“Jadi Badan Intelijen Strategis TNI bekerja, Gubernur Sulu juga bekerja, tanpa uang sepeserpun dari perusahaan. Tapi ini bukan ujug-ujug berhasil. Kami bekerja ini resmi dengan pemerintah Filipina,” ujar Mayjen (Purn) Kivlan Zein selaku negosiator.
Pemerintah tak menjelaskan sama sekali bagaimana proses pembebasan 10 warga negara Indonesia (WNI) yang disandera Abu Sayyaf. Namun, pelan-pelan, pihak-pihak yang terkait dengan pembebasan itu mulai bersuara menjelaskan apa yang terjadi di balik negosiasi di Filipina.

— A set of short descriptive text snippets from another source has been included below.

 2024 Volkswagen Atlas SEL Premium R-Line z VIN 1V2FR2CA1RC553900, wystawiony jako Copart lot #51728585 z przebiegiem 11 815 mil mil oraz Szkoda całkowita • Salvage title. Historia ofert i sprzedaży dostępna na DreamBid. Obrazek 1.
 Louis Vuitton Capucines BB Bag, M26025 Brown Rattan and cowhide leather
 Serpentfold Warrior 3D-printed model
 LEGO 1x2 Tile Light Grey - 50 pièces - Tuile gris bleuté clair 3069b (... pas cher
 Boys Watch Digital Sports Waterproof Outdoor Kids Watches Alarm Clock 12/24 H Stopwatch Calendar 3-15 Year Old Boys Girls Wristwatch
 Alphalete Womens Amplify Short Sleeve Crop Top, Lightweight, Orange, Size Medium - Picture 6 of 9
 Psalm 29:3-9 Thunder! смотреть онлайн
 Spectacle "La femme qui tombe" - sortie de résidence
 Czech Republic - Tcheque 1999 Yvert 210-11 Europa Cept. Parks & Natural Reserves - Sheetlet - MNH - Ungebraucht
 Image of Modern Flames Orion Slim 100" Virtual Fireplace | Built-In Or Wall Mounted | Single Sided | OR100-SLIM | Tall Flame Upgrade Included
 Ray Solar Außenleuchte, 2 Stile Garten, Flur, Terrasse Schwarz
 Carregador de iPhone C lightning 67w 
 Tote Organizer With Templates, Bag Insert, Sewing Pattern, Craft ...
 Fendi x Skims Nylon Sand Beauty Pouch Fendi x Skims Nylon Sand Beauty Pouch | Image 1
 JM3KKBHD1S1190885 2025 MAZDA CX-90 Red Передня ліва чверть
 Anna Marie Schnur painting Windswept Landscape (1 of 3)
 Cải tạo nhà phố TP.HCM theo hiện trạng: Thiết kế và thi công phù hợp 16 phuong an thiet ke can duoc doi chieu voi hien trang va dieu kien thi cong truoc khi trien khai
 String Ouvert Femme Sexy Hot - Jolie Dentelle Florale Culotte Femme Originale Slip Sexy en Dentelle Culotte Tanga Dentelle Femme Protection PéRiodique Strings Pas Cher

Salah satu orang yang terlibat langsung proses dalam negosiasi tersebut adalah Mayjen (Purn) Kivlan Zein selaku negosiator. Kivlan menyebut keberhasilan ini bukan hasil kerja dalam beberapa hari, namun melalui proses selama lebih dari satu bulan.
Mantan Kepala Staf Kostrad itu menceritakan para negosiator telah sampai di Filipina Selatan pada 26 April 2016, untuk menemui orang-orang yang memiliki akses dengan para penyandera di Jolo dan Zamboanga. Keesokan harinya, dia meminta akses melalui para tokoh berpengaruh di Filipina selatan. Salah satunya pemimpin Moro National Liberation Front (MNLF), Nur Misuari.
“Saya tanggal 2 [April] datang, ketemu dengan Nur Misuari, yang bekas anak buahnya [terlibat dengan Abu Sayyaf]. Ada pernyataan, bahwa bekas anak buahnya melakukan penyanderaan, lalu dilakukanlah negosiasi,” cerita Kivlan dari Zamboanga, Minggu (1/5/2016) malam, yang ditayangkan live di TV One.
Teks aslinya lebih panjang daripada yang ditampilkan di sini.